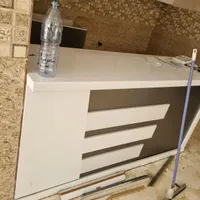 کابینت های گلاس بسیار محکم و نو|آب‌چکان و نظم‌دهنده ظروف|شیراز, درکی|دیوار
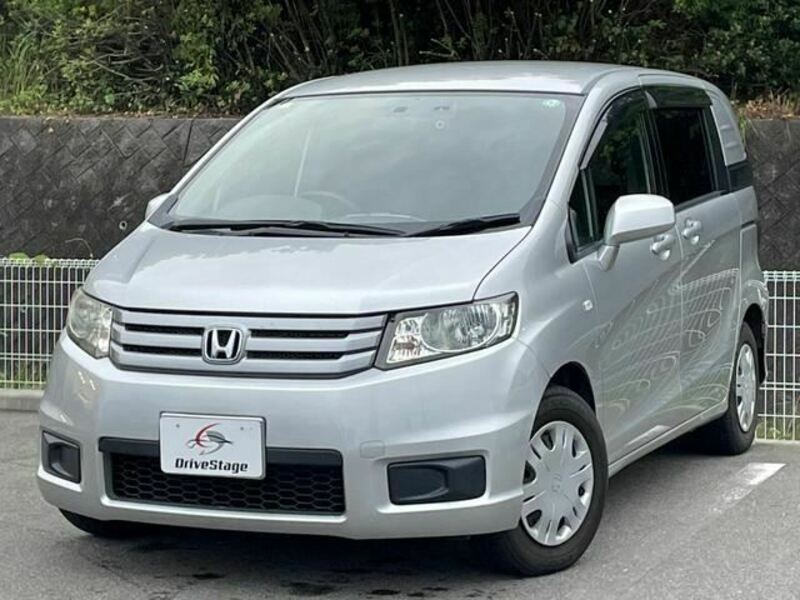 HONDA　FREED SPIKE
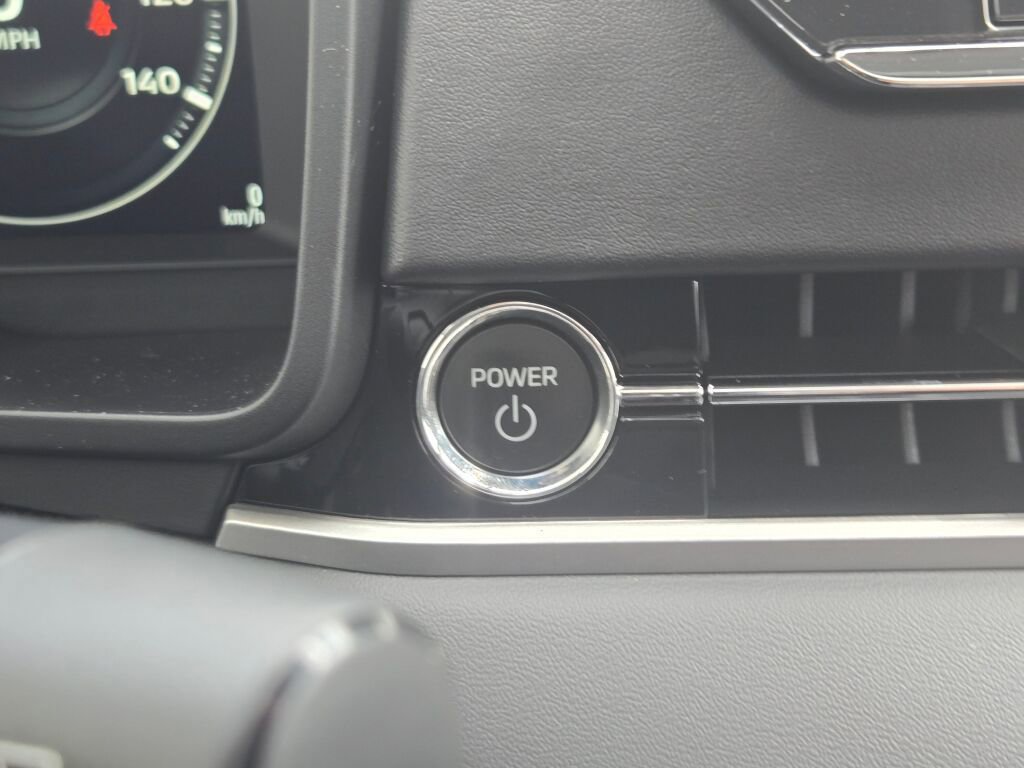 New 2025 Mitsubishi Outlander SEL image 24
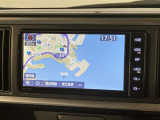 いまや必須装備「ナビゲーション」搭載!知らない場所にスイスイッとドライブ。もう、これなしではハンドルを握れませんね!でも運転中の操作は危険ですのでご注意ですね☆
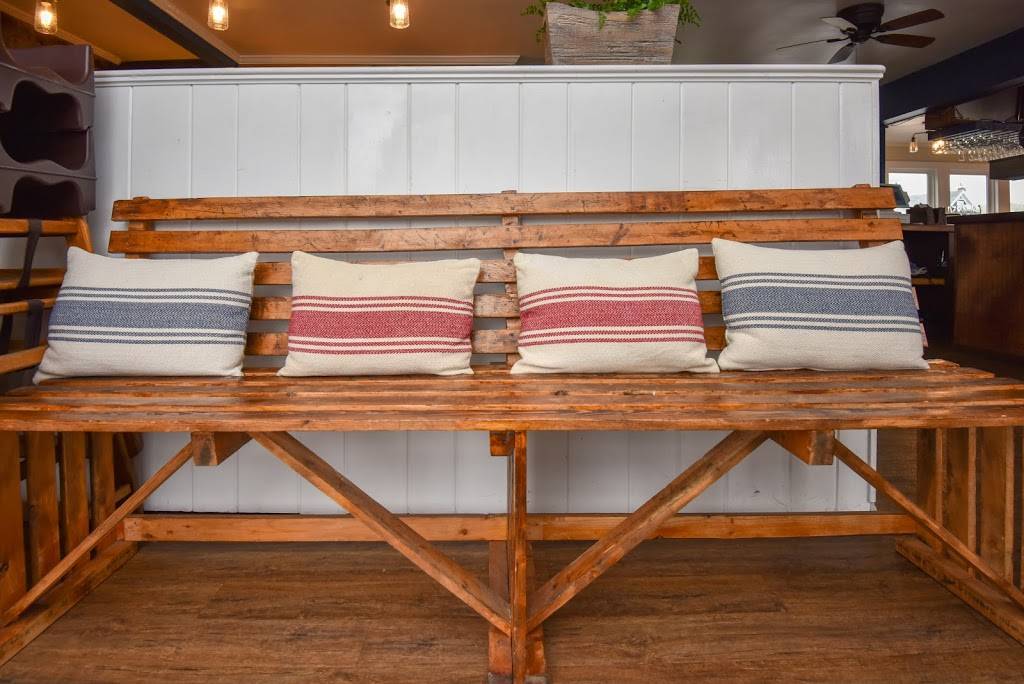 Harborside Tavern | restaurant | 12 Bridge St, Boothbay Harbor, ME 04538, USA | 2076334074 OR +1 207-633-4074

────────────────

Activity
In the copy, include no pictures; restate the listing above exactly.

Answer space
 کابینت های گلاس بسیار محکم و نو|آب‌چکان و نظم‌دهنده ظروف|شیراز, درکی|دیوار
 HONDA　FREED SPIKE
 New 2025 Mitsubishi Outlander SEL image 24
 いまや必須装備「ナビゲーション」搭載!知らない場所にスイスイッとドライブ。もう、これなしではハンドルを握れませんね!でも運転中の操作は危険ですのでご注意ですね☆
 Harborside Tavern | restaurant | 12 Bridge St, Boothbay Harbor, ME 04538, USA | 2076334074 OR +1 207-633-4074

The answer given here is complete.